Suche nach den Ursachen des Windradbruchs in Koßdorf Ursachenforschung am völlig zerstörten Generatorenhaus. Foto: Frank Claus

Denn sicher ist, die bei der Montage voll vorgespannten Verbindungen haben der Belastung nicht mehr standgehalten.

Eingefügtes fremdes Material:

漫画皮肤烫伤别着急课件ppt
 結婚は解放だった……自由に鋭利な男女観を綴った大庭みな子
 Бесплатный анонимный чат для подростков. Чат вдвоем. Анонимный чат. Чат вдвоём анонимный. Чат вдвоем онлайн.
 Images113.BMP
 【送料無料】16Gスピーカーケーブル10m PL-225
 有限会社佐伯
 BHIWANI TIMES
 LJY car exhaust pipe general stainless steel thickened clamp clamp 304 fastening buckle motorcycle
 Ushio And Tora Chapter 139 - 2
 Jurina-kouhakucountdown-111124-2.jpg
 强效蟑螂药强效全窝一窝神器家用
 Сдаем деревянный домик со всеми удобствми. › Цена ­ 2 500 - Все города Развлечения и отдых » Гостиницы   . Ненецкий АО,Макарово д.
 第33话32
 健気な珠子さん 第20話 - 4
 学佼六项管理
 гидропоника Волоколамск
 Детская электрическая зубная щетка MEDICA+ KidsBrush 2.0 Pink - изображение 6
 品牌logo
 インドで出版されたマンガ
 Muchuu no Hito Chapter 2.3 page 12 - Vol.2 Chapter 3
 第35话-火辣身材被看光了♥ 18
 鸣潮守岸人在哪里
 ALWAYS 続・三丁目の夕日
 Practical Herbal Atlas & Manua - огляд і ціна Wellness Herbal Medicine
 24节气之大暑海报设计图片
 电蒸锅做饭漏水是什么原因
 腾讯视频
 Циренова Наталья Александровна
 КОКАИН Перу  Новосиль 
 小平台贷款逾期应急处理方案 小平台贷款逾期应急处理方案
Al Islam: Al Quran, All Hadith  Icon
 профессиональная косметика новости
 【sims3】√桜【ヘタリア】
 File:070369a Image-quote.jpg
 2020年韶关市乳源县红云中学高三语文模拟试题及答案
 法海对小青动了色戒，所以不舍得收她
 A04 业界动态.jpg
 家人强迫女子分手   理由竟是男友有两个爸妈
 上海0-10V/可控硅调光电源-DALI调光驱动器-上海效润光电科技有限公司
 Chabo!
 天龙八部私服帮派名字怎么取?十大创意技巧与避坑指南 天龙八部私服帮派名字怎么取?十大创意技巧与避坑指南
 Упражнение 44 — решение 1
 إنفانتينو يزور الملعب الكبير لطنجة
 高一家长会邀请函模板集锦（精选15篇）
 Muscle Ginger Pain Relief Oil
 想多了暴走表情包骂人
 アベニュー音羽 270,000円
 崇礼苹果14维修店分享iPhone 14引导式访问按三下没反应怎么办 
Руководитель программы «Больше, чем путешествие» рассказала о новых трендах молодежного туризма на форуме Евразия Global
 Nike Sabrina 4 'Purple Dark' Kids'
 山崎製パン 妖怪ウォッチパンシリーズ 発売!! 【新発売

Frank Weise, Geschäftsführer der Vestas Blades Deutschland GmbH in Lauchhammer, den die RUNDSCHAU um eine Einschätzung gebeten hat, sagt: "Die Bolzen, mit denen die Turmsegmente verbunden sind, sind natürlich kritische Konstruktionselemente. Bei Vestas werden sie nach der Montage, dann nach sechs Monaten und anschließend im Betrieb nach einer regelmäßigen Prüfsequenz (12 bis 48 Monate) gemäß Prüfplan im Rahmen der Herstellerwartung nachgespannt. Dafür benötigt der Wartungsmonteur hydraulische Werkzeuge und Prüfmittel, die sehr teuer und unter Umständen für den Anlagentyp spezialisiert sind. Werden diese Kontrollen unsachgemäß oder nicht regelmäßig ausgeführt, kann es zu Ermüdung, Überdehnung oder Lösung der Bolzen kommen. Dass dann aber gleich ein ganzer Turmkopf abkippt, ist ein extremer Fall, von dem ich noch nicht gehört habe. Da muss schon einiges schiefgelaufen sein."